Or maybe, Chia farmers are more dishonest than the average person and are filing more dubious warranty claims. Point is, I wouldn’t take that one statement from a front-line Seagate support rep to have any gravity or even be accurate. In court they’ll say that person had no authority or evidence to back up that statement and will require more evidence on your part to support the claim.

3 Likes

If they replace the drives, I think you’re asking for plotting services from them, which they won’t do, but it’s a very minor cost. I don’t see any reason to harass them for that when they do their part, data loss in Chia farming is part of the cost of doing business (and we don’t even need the data that much since we can make new plots).

This whole thread is weird.

1 Like

Like keeping the drives too HOT!!! :japanese_ogre: :japanese_ogre:

2 Likes

I get the impression that this is really common, you just have to look at pictures of people’s setups to realize how many drives are getting toasty while farming Chia. I’m a bit weary of second-hand drives for this reason.

Just throwing in my 2 cents to say that all my internal drives are Seagate Exos and none have failed over a year later. Every now and then I’ll check the SMART data on a few of them and they’re all healthy. A chunk of my farm is also in Seagate 2.5 inch externals, those aren’t even rated for 24/7 operation and are also fine over a year later.

It could be just luck, but I suspect a proper case with good airflow and using a quality power supply both play a large part.

2 Likes

How did you determine that your Seagate 2.5 external drives are not rated for 24/7 operation?
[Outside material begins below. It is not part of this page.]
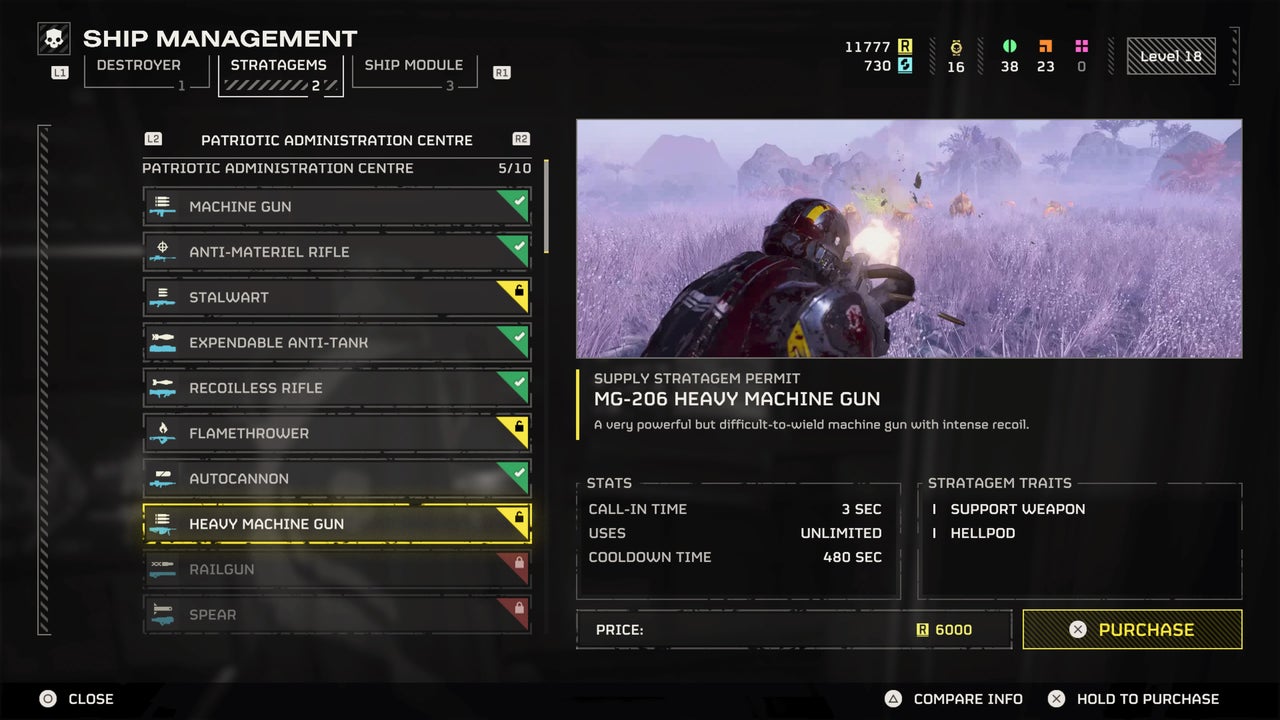 Helldivers 2 Gets Two New Stratagems That Should Help Take Down Those Annoying Automatons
Backblaze have noted a 4.79% 14TB Iron Wolf failure rate vs a 1.03% Exos failure rate Backblaze Drive Stats for 2021

I have a mix of Exos, Iron Wolf (only one) and Barracuda drives. I’ve only had a single failure in over 12 months and that was a 4TB Barracuda a week ago

If you’re running your drives in those plastic Seagate enclosures they can get very hot and are more likely to fail early Hard Drive Temperature—Does It Matter?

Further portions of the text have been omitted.